Pois é, bastou um olhar simples para captar o que a há de bom no filme: a genialidade de criar ótimos personagens, dotados de expressão dramática, contextualizados em suas culturas, mas que na verdade, são feitos de massinha! Destaque para o frango fanfarrão americano Rocky, que chega com seu jeitão de beatnik, querendo conquistar as gatinhas (digo, as galinhas) inglesas, com frases feitas bem americanas. Na voz de Rocky, nada mais do que o canastrão Mel Gibson, e na de Ginger, a atriz inglesa Julia Sawalha, do seriado Absolutely Fabulous. Claro que ainda há um pouco da natureza das galinhas em muitos das personagens, ou seja, algumas são extremamente burras.

O filme segue uma escola bem européia de animação, a de massinhas, e a Aardman Animation, número 1 no mundo no gênero, já acumulou 3 Oscars e diversas premiações desde sua fundação em 1972. Para quem é freqüentador assíduo do Anima Mundi, as produções da Aardman Animation já estiveram presentes em diversas edições da Mostra. Os filmes não fogem de histórias simples, muitas das vezes infantis, mas dotados de uma excelência técnica, não muitas vezes presentes nos filmes alternativos. O último do gênero foi o também elogiado Wallace and Gromit.

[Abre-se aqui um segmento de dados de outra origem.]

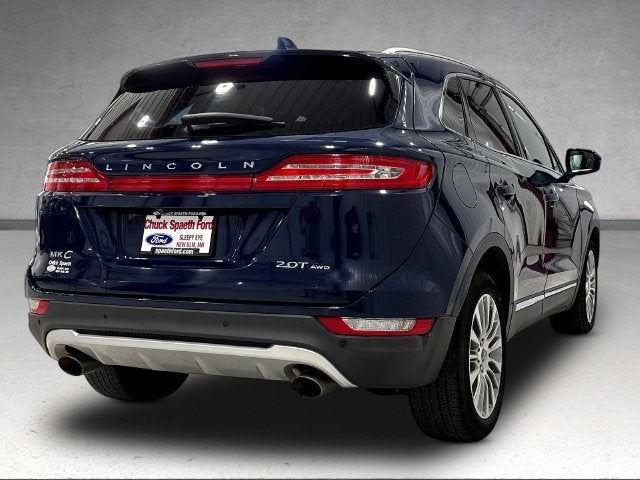 2018 Lincoln MKC Reserve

Para se ter uma idéia, cada segundo de movimento das galinhas feitas de massinha, compreendem 24 frames, ou seja, como se fossem batidas 24 fotos para fazer um movimento que dura um segundo. Haja técnica e sutileza para fazer com que essas galinhas dancem, gesticulem, façam caras, bicos, e demonstrem uma expressão corporal digna de um ser humano.

A técnica é particularmente apaixonante, e nos faz lembrar os seriados ingleses de massinhas para crianças, que assistíamos na TV Educativa, muitos deles produzidos pela própria Aardman. Pena que as galinhas não se desmancham e viram outras formas, como nas versões mais psicodélicas desse gênero de animação. Vale a pena.